Once you reach the line containing "If you're setting" in the entries below, write out that line and each one after it down to the line containing "My aunt Janice, the", exactly and with nothing added.

**The data:**
*** Block opens ***

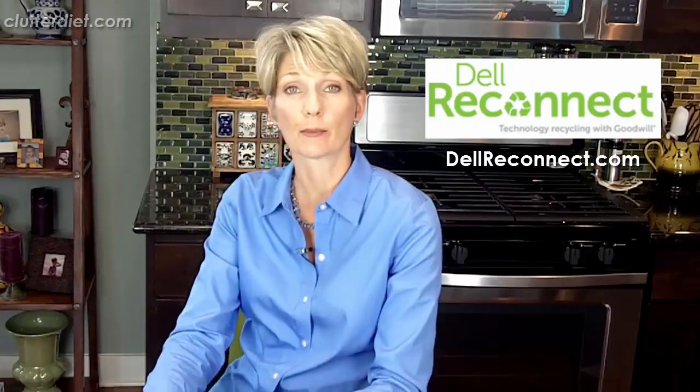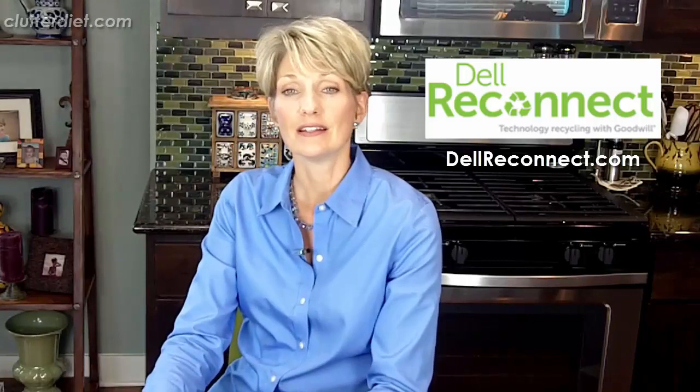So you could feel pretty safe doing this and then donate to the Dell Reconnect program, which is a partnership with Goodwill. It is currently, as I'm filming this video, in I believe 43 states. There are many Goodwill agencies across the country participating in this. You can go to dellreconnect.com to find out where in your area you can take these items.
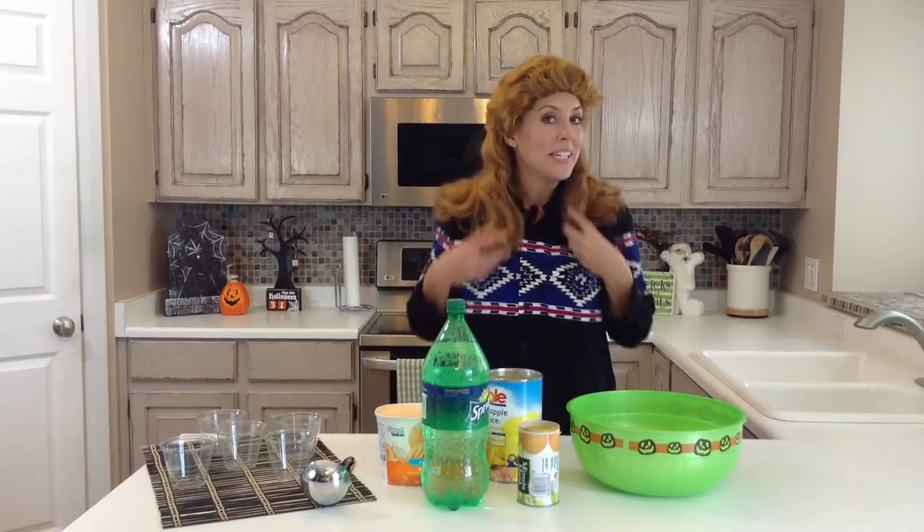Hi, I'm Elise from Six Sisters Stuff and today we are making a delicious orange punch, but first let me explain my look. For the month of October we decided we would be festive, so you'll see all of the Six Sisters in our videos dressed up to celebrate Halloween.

*** Block closes ***
*** Block opens ***

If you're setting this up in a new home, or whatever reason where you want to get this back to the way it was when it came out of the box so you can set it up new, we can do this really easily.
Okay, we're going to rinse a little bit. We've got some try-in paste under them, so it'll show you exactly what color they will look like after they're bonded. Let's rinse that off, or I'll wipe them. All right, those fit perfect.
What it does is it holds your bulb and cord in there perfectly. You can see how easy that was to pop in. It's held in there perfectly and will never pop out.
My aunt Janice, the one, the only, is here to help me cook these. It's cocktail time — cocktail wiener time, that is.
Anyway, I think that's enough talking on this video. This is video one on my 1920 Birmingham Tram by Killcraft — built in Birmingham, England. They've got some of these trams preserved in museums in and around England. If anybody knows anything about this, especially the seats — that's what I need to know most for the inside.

*** Block closes ***
*** Block opens ***

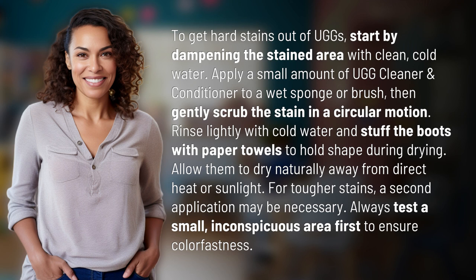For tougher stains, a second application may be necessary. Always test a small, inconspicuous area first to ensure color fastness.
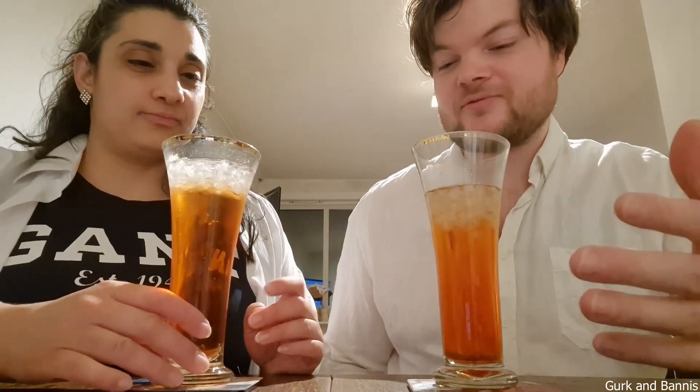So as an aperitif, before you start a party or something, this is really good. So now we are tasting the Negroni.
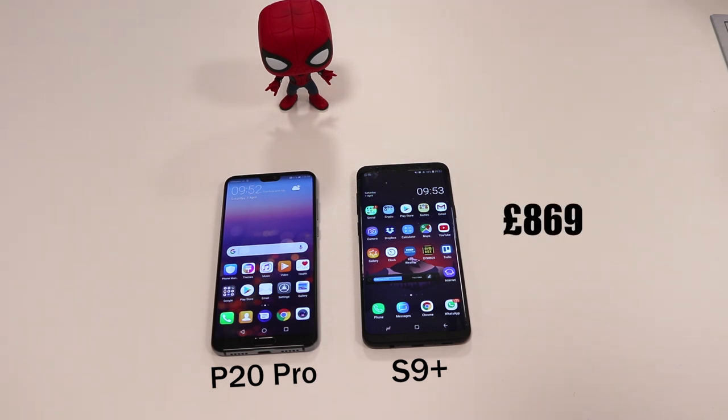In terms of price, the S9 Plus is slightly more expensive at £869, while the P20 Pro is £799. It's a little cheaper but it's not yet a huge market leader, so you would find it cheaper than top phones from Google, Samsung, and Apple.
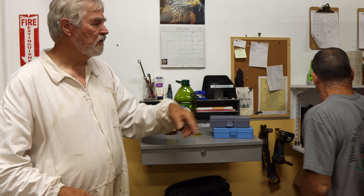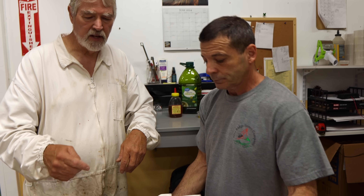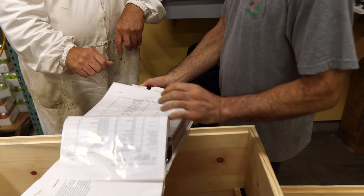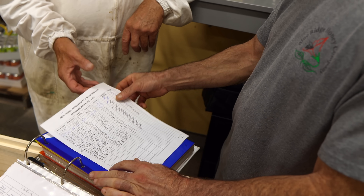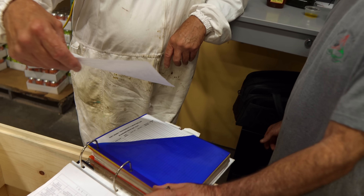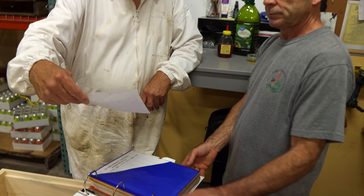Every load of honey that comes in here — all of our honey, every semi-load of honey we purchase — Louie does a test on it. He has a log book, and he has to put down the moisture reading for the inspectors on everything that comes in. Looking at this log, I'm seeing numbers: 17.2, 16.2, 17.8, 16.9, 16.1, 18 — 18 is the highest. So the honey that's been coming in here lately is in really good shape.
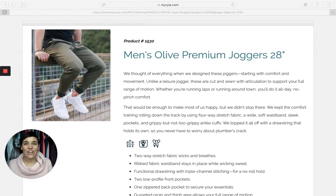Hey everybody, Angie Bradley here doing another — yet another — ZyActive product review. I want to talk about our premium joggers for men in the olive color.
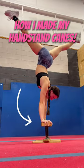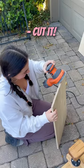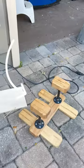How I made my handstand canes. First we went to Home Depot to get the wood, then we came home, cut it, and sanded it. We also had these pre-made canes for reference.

*** Block closes ***

**Result below:**
If you're setting this up in a new home, or whatever reason where you want to get this back to the way it was when it came out of the box so you can set it up new, we can do this really easily.
Okay, we're going to rinse a little bit. We've got some try-in paste under them, so it'll show you exactly what color they will look like after they're bonded. Let's rinse that off, or I'll wipe them. All right, those fit perfect.
What it does is it holds your bulb and cord in there perfectly. You can see how easy that was to pop in. It's held in there perfectly and will never pop out.
My aunt Janice, the one, the only, is here to help me cook these. It's cocktail time — cocktail wiener time, that is.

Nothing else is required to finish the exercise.